= Charles d'Espinay =

French cleric, bishop and poet

Charles d'Espinay (c. 1531, château d'Espinay - September 1591, Epiniac) was a French cleric, bishop and poet. He is most notable for his sonnets, particularly his erotic "Sonnets amoureux" published in 1559-1560 - he was a contemporary and disciple of Pierre de Ronsard.

==Family==
He was the younger son of Guy III d'Espinay († 1551) and his wife Louise de Goulaine. His elder brother Jean II († 1591) became a marquis in 1575 and continued the family line. They also had other siblings - Philippine, who became abbess of abbaye Saint-Georges de Rennes (1572-1583), and Louis d'Espinay († 1600), commendatory to abbaye Notre-Dame du Tronchet (1558-1567) before marrying and becoming lord of Yvigniac.

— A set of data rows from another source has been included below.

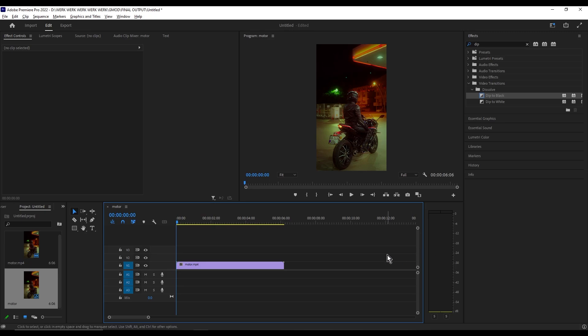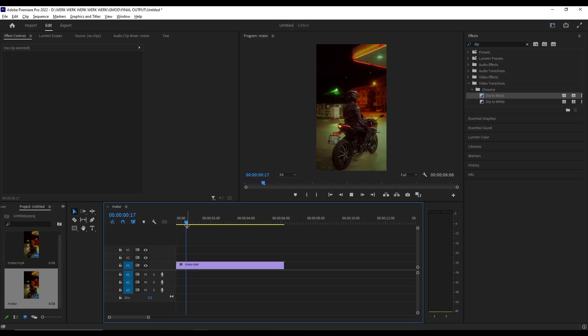Hello, today I'm going to teach you how to rotate a video. We have here a portrait video of a motorcycle.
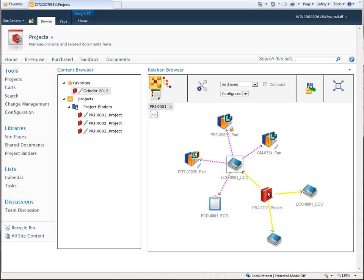By providing easy access to complex design data, Solid Edge Insight XT simplifies your design world and enables you to deliver your projects on time and on budget.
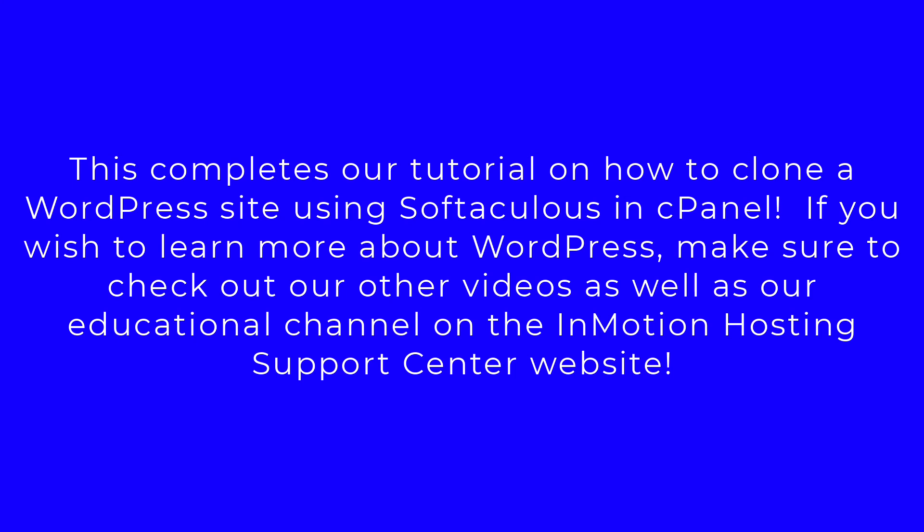That completes our video tutorial on how to clone a WordPress site using Softaculous. If you liked our video, please give us a thumbs up below and subscribe to our channel. Thanks again for watching and have a great day.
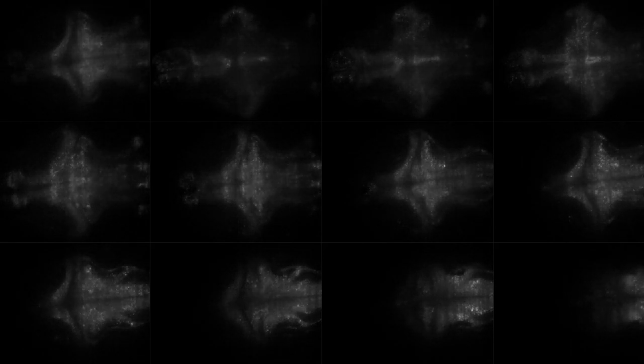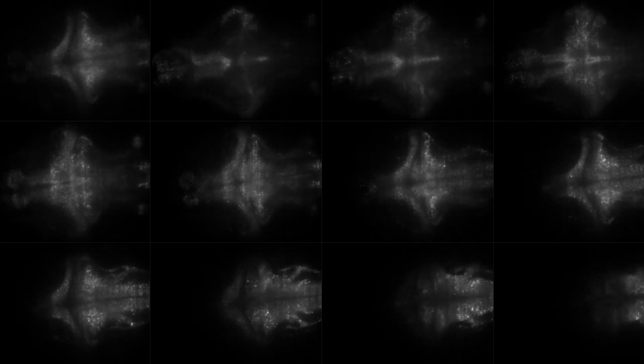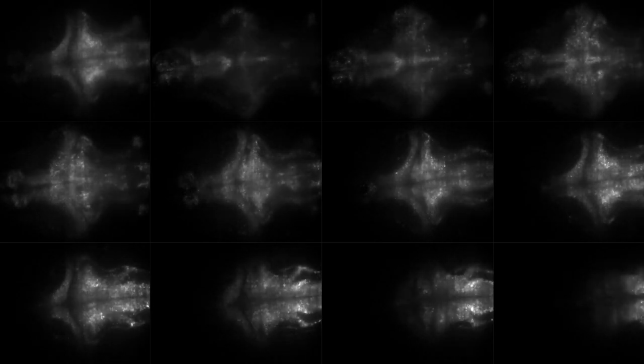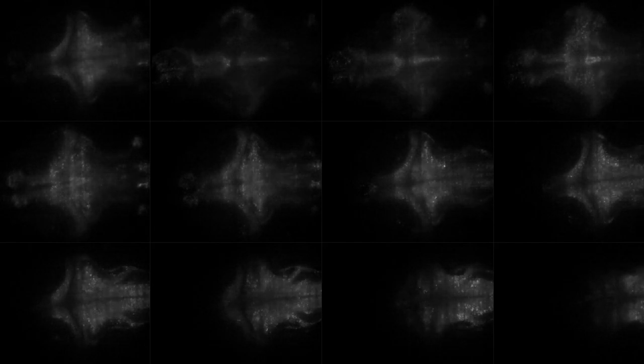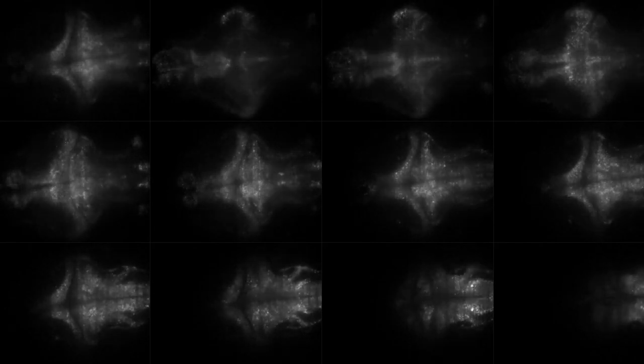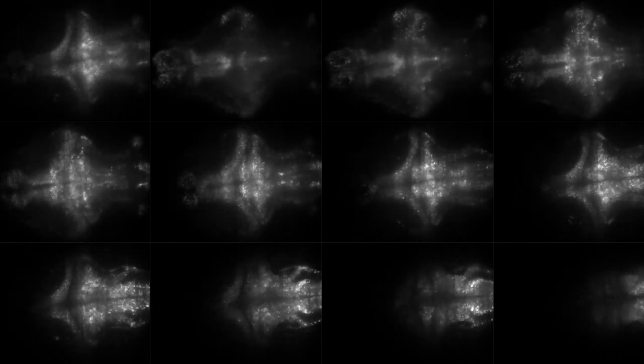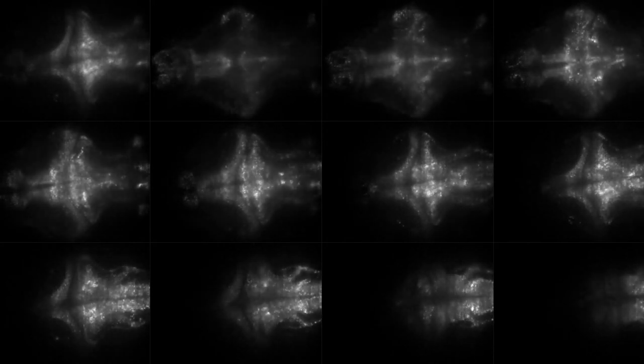After this procedure, we obtain a nice and stable volumetric video of the brain activity. There are still some small shifts, which result from big displacements that cannot be corrected. But it is ready now to extract signals.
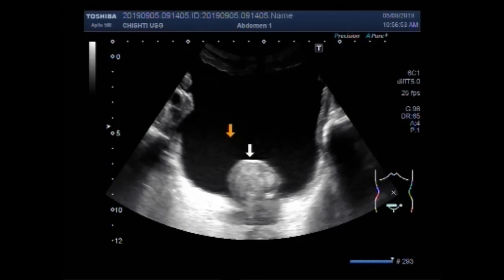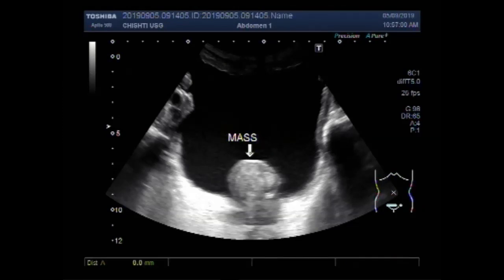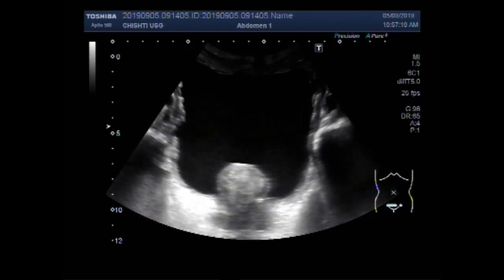The patient is a male patient aged about 63 years. Now you can see the measurement of the mass — the mass measures about 32.1 mm x 34.2 mm.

Louis' son Jean d’Espinay became abbot commendatory to the abbaye de Saint-Méen (1592-1604).

== Life==
He initially became a prior of Saint-Exupère in Gahard and of Saint-Jacques de Bécherel and abbot commendatory to the abbaye Saint-Gildas-des-Bois. He took the oath of allegiance for his three ecclesiastical benefices in November 1558, aged 27. He was next made commendatory of abbaye Notre-Dame du Tronchet. On 29 May 1560 he was made bishop of Dol and as such he took part in the Council of Trent in December 1562, at which he was entrusted with several negotiations. He took the oath of allegiance to his bishop and was consecrated on 16 September 1565, entering the canonical chapter in February 1566. In 1586 he was granted the commendatory of abbaye Notre-Dame du Tronchet.

During the Catholic League, he was a faithful supporter of Philippe Emmanuel, Duke of Mercœur and attended an assembly in 1589 with Aymar Hennequin bishop of Rennes, at which he entitled him "protector of the Catholic religion in Brittany". After his brother Antoine's death fighting for the League on 7 January 1591, Charles himself took over the defence of Dol. Charles wrote his will on 10 August 1591 and died the following 12 September. He was buried in Dol Cathedral on 22 September.